[Date Prev][Date Next][Thread Prev][Thread Next][Date Index][Thread Index]
Re: A (too huge) Arabic word-list (with prefixes) for spell-checkers
- To: Mohammed Sameer <msameer at foolab dot org>
- Subject: Re: A (too huge) Arabic word-list (with prefixes) for spell-checkers
- From: Dan Kenigsberg <danken at cs dot technion dot ac dot il>
- Date: Tue, 16 May 2006 13:18:15 +0300
- Cc: Ivrix Discussions <ivrix-discuss at ivrix dot org dot il>, Development Discussions <developer at arabeyes dot org>
- Hebrew-date: 18 Iyyar 5766
- User-agent: Mutt/1.4.1i
Mohammed,
Thank you for your criticism :-)
> Which leads to 2 points:
> 1) Those words are not correct
> 2) The data files contain a small set of incorrect words "Maybe this is a
> problem with my implementation of the Buckwalter algorithm".
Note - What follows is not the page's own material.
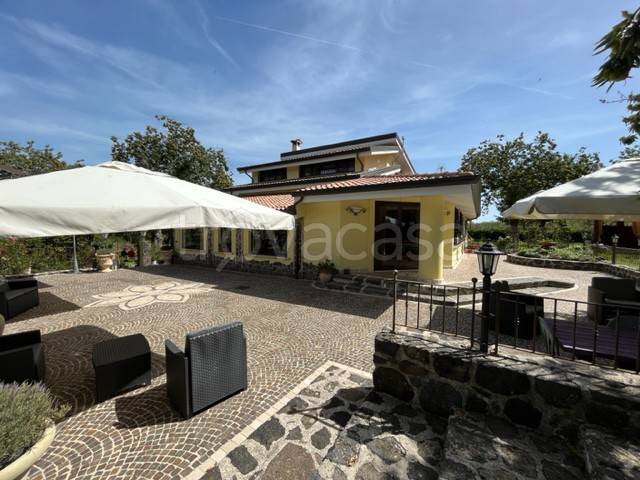 appartamento in vendita a Roccamonfina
> 3) The affix data is huge and IMHO not easy to modify/extend which means
> that it'll be hard to strip those words.
>
> This is why I decided to ignore the Buckwalter data and work on a new data
> set.
Are you sure the best option was to ignore that data? How many incorrect words
spellings are there? Would you please give me an example of an incorrect
spelling of such a word, and the correct one?
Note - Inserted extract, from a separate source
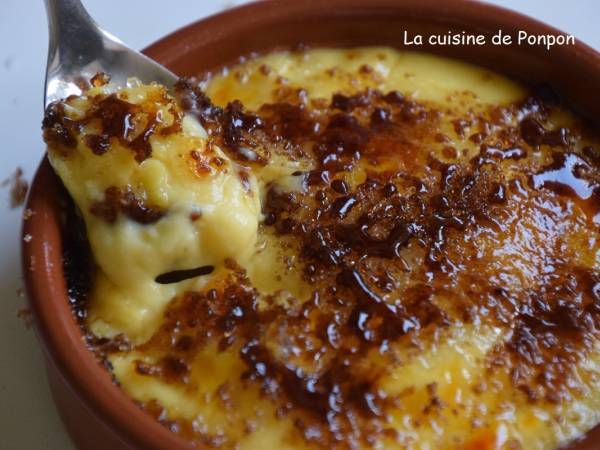 Crème catalane parfumée à la cannelle et au citron - Préparation etape 1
I know that the affix data is huge, but please explain what has to be done. Do
you mean that for some words the prefix+stem+suffix is wrong even the stem is
correct?
> I know about a google project to create a dictionary from the Buckwalter data
> which makes me wonder, Why don't you cooperate with them ?
I wouldn't mind. Maybe now one of them approaches me.
> PS. Why "DICT ar EG ar" only in dictionary.lst ? ;-)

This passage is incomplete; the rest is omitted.